Rememoro esa carga de muerte para tratar de explicarme por qué alimenté durante tanto tiempo, cada vez menos, ese instinto de autodestrucción que me hizo ser una pareja inestable, cavilosa, indecisa, neurótica, difícil en suma. Mi primera pareja fue Yolita; durante nuestro matrimonio me fui dos veces de casa para vivir, la primera, con Isabel, y la segunda, con Michelle. Me divorcié y me casé con Rosy. Diez años después, cuando lamentaba todavía el divorcio, me encontré con Blanca, con quien viví un año; luego me casé con Jenny, de quien me divorcié. Hoy vivo solo y por fin en paz. Es razonablemente claro que yo tengo la culpa de esa inestabilidad emocional y no ellas. Quizá por eso guardo los mejores recuerdos de Yolita, de Rosy, de Michelle, un poco de Isabel, un poco de Blanca, un poco de Jenny. Hace unas semanas me enteré que Isabel estaba enferma y desahuciada. La llamé por teléfono y se despidió.

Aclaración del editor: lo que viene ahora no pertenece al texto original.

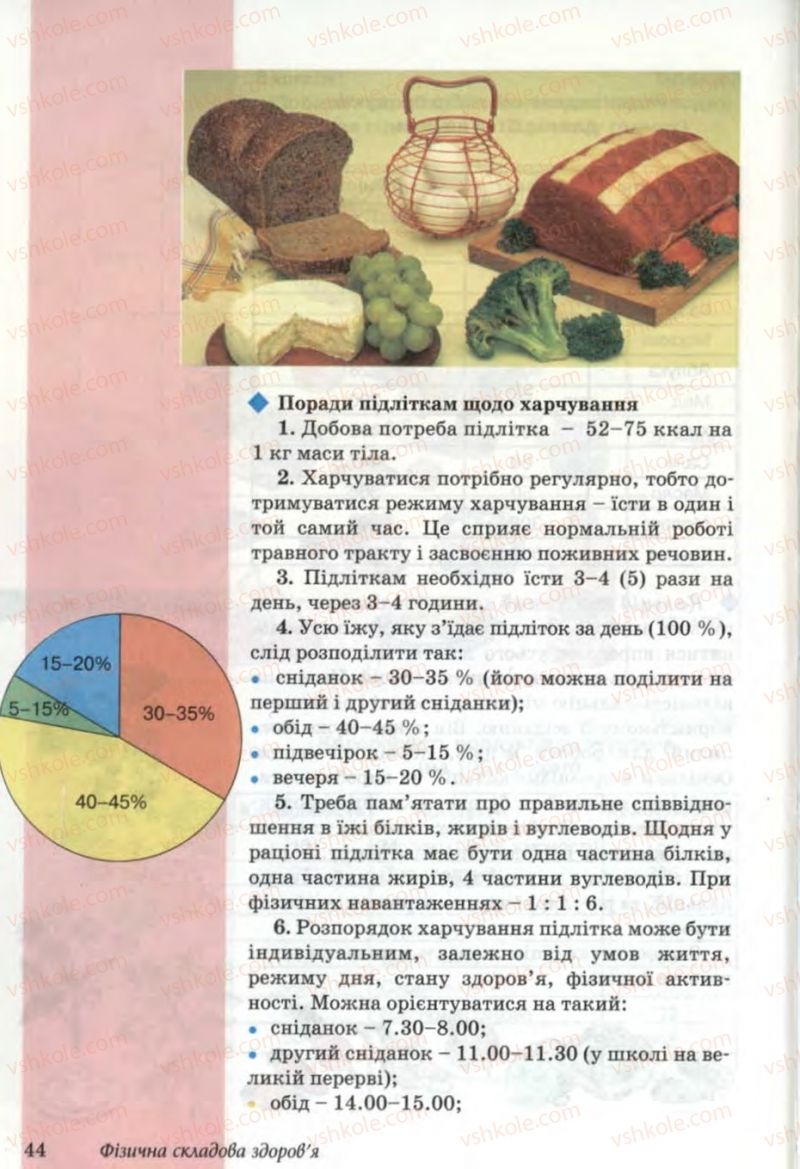 Страница 44 | Підручник Основи здоров'я 6 клас Т.Є. Бойченко, Н.С. Коваль, В.В. Дивак 2006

Dijo que no podía verla porque parecía un esqueleto, y que me había amado siempre. Me encargó que la recordara y que escribiera sobre nuestro amor, lloró y colgó. Aun a mi pesar, me sentí desasosegado y triste, como si enviudara por primera vez. En otras circunstancias me hubiera tomado media botella de whisky de un sorbo, pero aguanté con una infusión y poco a poco recobré la serenidad.

Cuando escribí mi primera novela Allá lejos, ella se ofreció a copiarla en limpio para presentarla al Premio Erich Guttentag. Empastó los originales con tapas rojas y el lomo amarillo, recuerdo, y los presentó ella. Me dieron una mención de honor. La dedicatoria decía: A una cicatriz. Es una historia penosa que quizá más adelante la cuente, pero aludía directamente a mi relación con Isabel.